YOUR INSTRUCTIONS:
Please set down the lines of the listing exactly, from its first line to the line with "Long Sleeve V-Neck", leaving the pictures out.

*** Opening of RECORDS FOR THE TASK ***

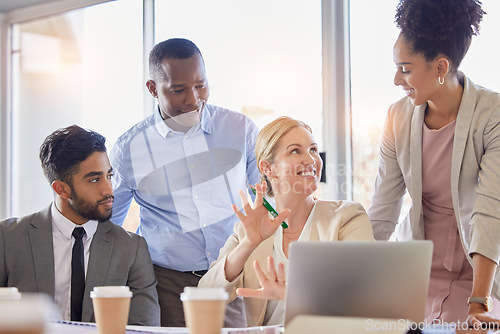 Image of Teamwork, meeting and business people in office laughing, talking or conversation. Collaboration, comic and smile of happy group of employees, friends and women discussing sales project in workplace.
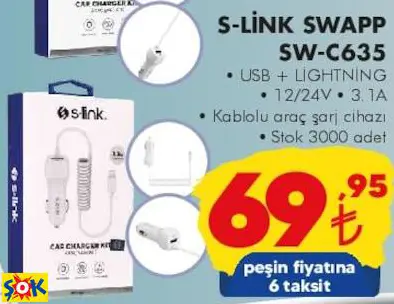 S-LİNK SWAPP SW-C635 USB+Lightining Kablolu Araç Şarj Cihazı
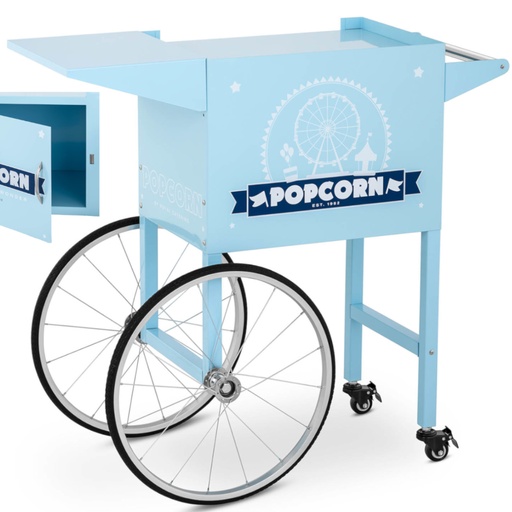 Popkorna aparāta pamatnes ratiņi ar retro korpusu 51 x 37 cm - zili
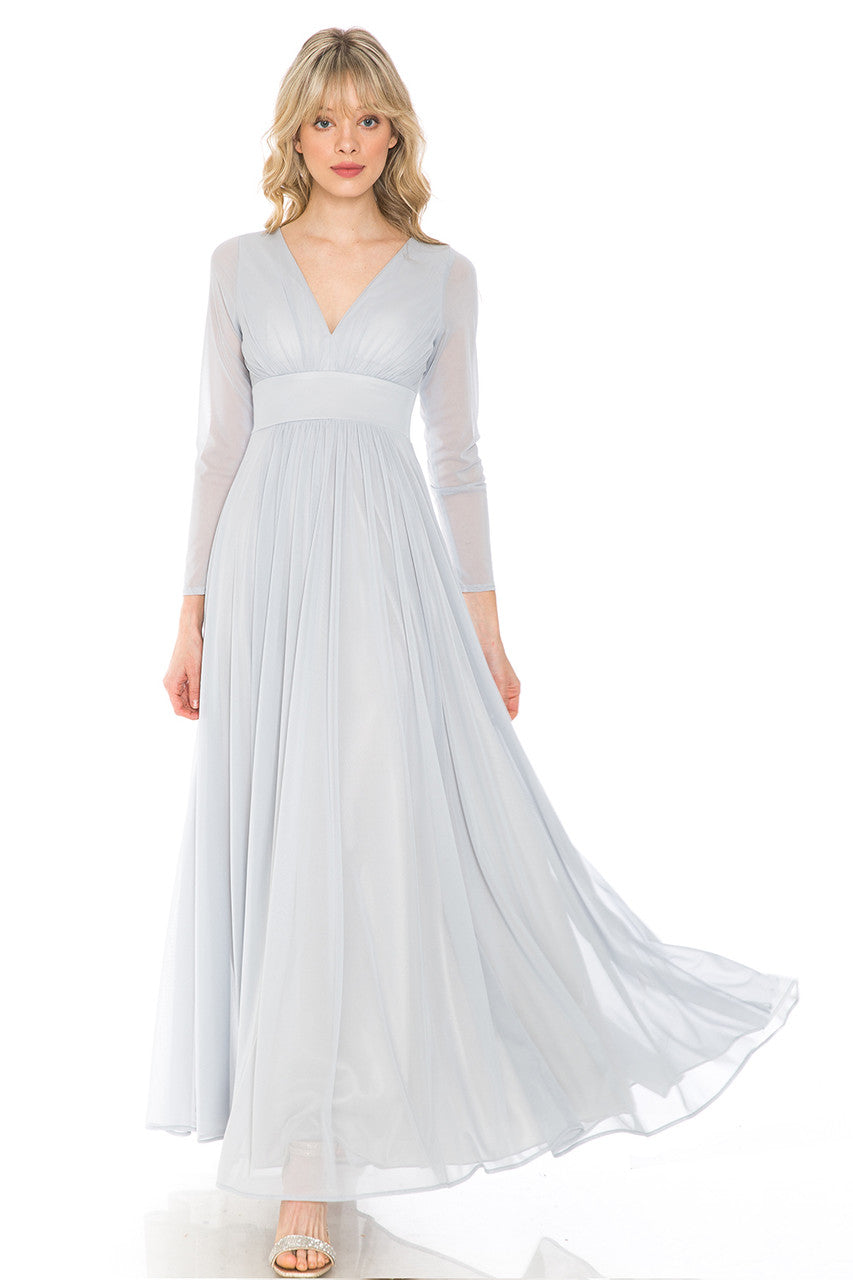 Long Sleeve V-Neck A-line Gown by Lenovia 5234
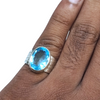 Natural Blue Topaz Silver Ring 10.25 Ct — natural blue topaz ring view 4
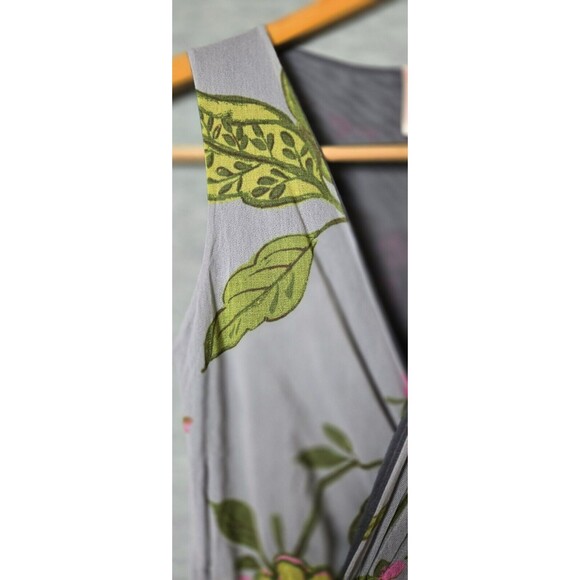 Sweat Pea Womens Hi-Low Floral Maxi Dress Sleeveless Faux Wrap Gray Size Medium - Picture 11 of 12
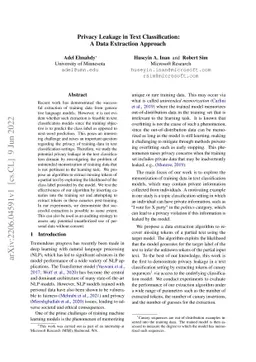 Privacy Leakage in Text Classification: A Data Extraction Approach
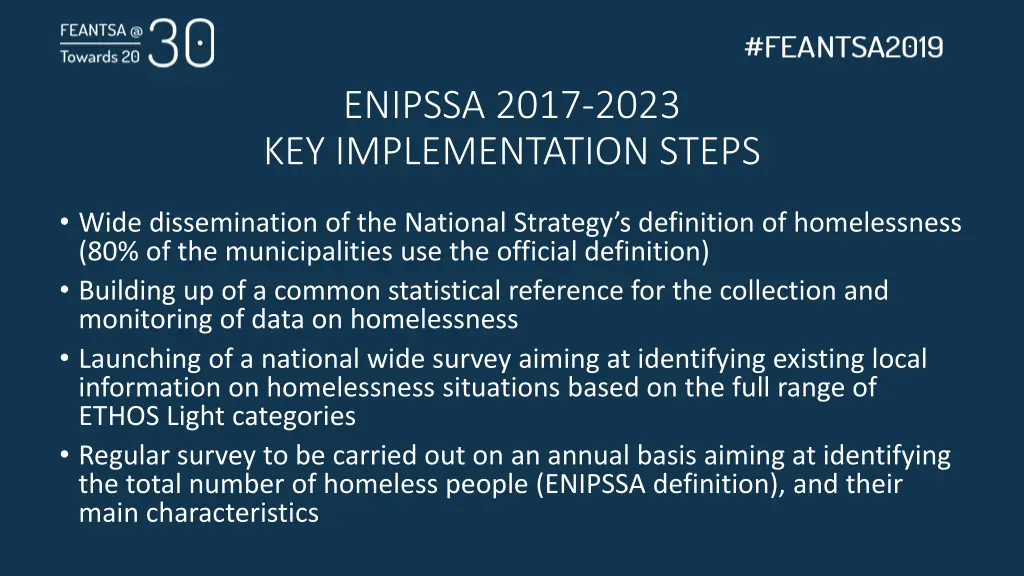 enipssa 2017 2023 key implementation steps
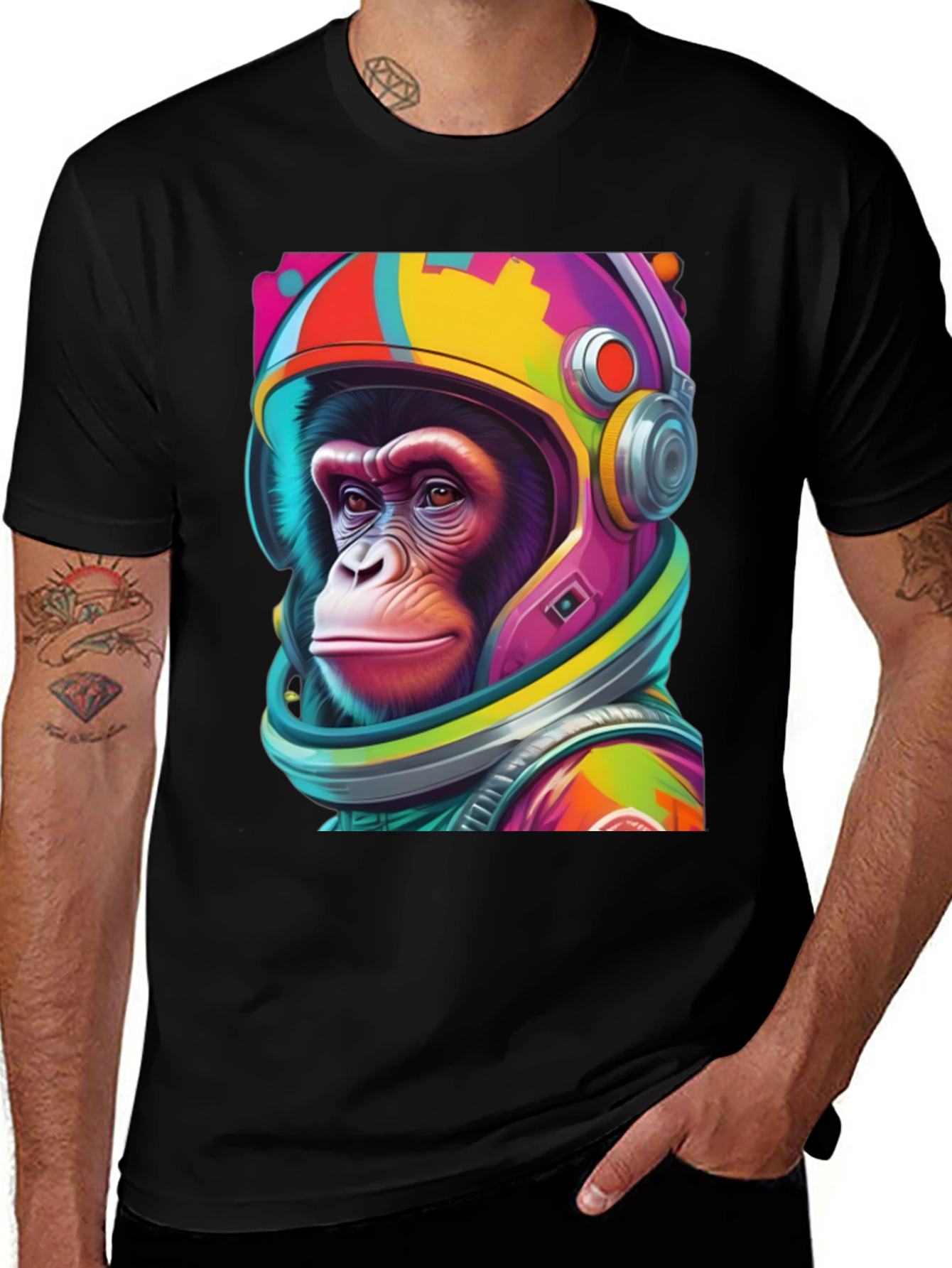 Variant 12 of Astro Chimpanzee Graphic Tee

*** Close of RECORDS FOR THE TASK ***

RESPONSE BOX:
 Image of Teamwork, meeting and business people in office laughing, talking or conversation. Collaboration, comic and smile of happy group of employees, friends and women discussing sales project in workplace.
 S-LİNK SWAPP SW-C635 USB+Lightining Kablolu Araç Şarj Cihazı
 Popkorna aparāta pamatnes ratiņi ar retro korpusu 51 x 37 cm - zili
 Long Sleeve V-Neck A-line Gown by Lenovia 5234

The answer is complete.